ASX opens flat as energy and mining stocks climb
More news: Australian shares opened marginally higher, driven by energy and mining stocks, which accounted for seven of the 10 top performers across the ASX 200.
The benchmark ASX 200 index was up 20 points, or 0.23% to 8,828 at 10:26am AEDT. Six of the 11 sectorial indices opened in the green.
Energy stocks led early gains, lifted by Karoon Energy (+2.57%), Whitehaven Coal (+1.69%) and Woodside Energy (+1.97%).
Monadelphous Group (+2.87%) was one of the top performers across the ASX 200 after inking a $300 million service contract deal with Rio Tinto.
However GQG Partners (-2.13%) fell for the second consecutive day after reporting a $3.3 billion fall in funds under management in December.
Technology (-0.44%) was the worst performing sector at the open led by a fall in Macquarie Technology Group (-1.64%), Xero (-1.86%), Bravura Solutions (-1.95%) and Weebit Nano (-1.61%).
The job vacancies data and building approval figures for November 2025 is due to be released by the Australian Bureau of Statistics at 11:30am AEDT.
Australian shares to open higher as Wall Street falls on bank earnings
The news: Australian shares are set to open higher despite the Dow Jones, S&P500 and Nasdaq trading lower overnight. US stocks fell on Tuesday, led by a decline in financials after JPMorgan's fourth-quarter profit tumbled 7%.
Traders were also focused on underlying US inflation data, which rose by less than anticipated, signalling that price growth may be cooling ahead of the Federal Reserve’s upcoming rate decision.
The numbers: Updated at 7:45am AEDT:
- ASX futures: up 30 points, or 0.30% to 8,798.
- Wall Street: Dow Jones down 0.98%, S&P 500 down 0.45% and the Nasdaq down 0.37%.

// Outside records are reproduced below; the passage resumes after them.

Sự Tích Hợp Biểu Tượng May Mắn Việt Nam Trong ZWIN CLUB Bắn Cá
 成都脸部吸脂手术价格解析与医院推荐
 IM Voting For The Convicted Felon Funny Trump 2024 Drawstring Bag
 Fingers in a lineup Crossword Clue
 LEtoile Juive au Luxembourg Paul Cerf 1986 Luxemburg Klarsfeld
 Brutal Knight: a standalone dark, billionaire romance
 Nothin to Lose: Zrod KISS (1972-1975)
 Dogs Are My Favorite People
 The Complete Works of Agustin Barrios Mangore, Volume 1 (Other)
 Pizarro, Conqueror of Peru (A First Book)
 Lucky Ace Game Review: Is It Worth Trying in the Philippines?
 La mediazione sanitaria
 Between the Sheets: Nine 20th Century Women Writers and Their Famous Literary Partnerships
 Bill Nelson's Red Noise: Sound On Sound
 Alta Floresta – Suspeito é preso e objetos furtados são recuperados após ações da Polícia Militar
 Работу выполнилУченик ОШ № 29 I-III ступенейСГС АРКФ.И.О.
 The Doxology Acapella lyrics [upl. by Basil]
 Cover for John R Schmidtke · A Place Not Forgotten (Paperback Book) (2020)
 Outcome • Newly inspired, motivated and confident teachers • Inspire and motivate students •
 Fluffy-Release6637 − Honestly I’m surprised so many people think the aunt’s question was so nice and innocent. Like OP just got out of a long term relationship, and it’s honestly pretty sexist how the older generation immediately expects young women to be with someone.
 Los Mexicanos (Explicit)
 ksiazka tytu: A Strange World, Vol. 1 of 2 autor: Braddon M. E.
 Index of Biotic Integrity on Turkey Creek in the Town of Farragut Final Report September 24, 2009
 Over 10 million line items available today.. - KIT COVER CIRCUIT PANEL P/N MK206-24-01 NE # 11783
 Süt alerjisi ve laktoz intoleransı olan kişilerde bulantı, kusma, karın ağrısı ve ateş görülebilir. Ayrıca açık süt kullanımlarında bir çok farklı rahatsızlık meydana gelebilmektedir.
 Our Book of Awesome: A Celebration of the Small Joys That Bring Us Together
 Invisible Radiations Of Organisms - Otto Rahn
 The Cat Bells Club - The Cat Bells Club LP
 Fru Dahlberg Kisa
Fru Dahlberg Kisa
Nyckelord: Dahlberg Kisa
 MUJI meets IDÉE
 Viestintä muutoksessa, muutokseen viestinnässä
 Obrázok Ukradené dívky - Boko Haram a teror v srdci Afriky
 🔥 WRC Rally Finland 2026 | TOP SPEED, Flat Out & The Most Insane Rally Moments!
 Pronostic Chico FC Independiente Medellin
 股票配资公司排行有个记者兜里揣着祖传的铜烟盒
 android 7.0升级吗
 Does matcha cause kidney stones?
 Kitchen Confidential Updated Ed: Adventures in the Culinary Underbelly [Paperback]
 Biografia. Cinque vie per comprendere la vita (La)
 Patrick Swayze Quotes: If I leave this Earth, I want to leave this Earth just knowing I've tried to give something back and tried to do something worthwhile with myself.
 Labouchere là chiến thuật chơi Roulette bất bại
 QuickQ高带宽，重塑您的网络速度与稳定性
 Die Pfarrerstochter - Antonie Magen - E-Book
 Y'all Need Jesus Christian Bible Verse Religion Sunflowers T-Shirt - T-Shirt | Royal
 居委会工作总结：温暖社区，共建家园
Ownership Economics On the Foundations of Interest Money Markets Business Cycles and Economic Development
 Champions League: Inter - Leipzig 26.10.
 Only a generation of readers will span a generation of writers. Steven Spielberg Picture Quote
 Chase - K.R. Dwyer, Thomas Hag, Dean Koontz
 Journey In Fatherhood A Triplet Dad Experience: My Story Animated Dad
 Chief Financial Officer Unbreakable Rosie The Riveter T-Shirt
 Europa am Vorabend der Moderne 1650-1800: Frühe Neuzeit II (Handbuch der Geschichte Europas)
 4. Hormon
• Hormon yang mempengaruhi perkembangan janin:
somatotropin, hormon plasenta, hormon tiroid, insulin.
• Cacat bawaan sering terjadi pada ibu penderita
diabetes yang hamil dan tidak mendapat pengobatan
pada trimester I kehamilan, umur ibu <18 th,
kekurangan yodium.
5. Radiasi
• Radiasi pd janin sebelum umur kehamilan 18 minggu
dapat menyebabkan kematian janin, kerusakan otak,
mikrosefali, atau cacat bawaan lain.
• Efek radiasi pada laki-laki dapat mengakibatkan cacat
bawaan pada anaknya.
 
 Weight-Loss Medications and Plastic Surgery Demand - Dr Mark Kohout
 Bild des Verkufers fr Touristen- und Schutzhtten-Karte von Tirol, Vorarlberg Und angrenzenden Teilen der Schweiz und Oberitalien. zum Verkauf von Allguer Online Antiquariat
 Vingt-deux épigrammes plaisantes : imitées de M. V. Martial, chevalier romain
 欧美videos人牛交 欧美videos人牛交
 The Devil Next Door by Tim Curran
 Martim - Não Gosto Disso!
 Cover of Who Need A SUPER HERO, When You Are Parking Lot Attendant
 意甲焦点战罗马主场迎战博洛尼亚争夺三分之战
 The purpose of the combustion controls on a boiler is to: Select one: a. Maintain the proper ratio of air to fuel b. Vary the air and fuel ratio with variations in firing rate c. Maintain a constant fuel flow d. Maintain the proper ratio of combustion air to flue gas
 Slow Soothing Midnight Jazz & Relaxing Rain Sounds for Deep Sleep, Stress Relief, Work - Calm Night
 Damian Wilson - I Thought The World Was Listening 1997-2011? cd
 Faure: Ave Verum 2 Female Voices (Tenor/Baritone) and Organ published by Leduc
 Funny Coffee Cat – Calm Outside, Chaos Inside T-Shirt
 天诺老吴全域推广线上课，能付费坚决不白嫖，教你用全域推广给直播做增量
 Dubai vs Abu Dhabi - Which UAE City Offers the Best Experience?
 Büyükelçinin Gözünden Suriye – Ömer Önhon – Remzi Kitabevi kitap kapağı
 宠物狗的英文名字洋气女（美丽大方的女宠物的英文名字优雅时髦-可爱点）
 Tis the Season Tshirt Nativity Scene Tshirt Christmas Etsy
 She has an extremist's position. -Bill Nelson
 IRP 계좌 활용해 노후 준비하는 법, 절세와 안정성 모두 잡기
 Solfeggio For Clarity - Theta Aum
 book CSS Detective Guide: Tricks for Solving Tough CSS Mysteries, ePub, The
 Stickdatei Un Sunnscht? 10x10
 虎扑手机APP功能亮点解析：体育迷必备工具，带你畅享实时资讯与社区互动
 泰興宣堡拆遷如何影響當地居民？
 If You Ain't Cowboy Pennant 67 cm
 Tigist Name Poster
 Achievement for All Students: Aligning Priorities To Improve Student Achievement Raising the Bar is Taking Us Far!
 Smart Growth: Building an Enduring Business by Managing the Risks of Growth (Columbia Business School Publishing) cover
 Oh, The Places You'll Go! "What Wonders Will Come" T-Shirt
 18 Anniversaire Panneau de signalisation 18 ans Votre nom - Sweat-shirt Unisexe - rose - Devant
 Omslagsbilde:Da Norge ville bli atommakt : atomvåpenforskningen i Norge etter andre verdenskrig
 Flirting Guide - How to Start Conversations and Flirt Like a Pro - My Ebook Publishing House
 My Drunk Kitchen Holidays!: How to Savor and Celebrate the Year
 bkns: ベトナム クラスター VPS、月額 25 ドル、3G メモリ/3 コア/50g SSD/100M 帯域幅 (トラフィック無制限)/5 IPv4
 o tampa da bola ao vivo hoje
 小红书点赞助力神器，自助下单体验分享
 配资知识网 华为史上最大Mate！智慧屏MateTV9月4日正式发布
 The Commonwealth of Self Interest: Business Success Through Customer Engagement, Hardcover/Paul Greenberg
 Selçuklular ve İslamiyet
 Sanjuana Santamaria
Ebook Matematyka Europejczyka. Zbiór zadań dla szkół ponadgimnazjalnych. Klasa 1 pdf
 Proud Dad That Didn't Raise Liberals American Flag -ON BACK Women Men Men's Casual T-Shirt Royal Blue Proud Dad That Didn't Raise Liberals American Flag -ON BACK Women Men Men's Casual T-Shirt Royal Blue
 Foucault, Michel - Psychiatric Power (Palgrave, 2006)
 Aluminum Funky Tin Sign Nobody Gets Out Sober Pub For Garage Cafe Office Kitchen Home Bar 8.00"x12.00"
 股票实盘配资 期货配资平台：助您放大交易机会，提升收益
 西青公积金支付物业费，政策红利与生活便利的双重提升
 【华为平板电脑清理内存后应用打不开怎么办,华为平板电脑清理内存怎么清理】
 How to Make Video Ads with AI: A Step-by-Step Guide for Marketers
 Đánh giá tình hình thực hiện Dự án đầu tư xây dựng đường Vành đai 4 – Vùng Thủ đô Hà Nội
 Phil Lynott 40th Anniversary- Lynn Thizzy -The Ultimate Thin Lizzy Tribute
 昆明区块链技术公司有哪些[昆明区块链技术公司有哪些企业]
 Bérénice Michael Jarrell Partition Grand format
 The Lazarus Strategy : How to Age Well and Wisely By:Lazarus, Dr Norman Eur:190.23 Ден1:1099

- Europe: CAC 40 down 0.14%, DAX up 0.06% and FTSE 100 down 0.03%.
- Spot gold: down 0.22% to USD4,588 per ounce.
- Oil prices: Brent up 2.25% to USD65.30/bbl and US WTI up 2.54% to USD61.03/bbl.
- AUD: down 0.43% at 66.81 US cents.
- Bitcoin: up 3.44% to USD94,257.
The context: US stocks moved lower overnight on Wall Street, dragged down by financials after a 4% drop in shares of investment bank JPMorgan, which reported a 7% fall in profit for the fourth quarter of 2025 and a 2% decline in debt-underwriting fees.
The sell-off in financials also followed Donald Trump's proposal to impose a one-year cap of 10% on credit card interests. JPMorgan Chase CFO Jeremy Barnum said the proposed cap would adversely impact US consumers and the broader economy.
Other major banks, which are due to report their quarterly earnings later this week, also traded lower even as analysts expect most banks to post stronger results for the December quarter.
On the data front, underlying US inflation rose less than expected to 2.7% in December. Federal Reserve officials are widely expected to hold interest rates steady later this month.
Locally, the Australian Bureau of Statistics will release job vacancies data and building approval figures for November 2025 at 11:30am AEDT.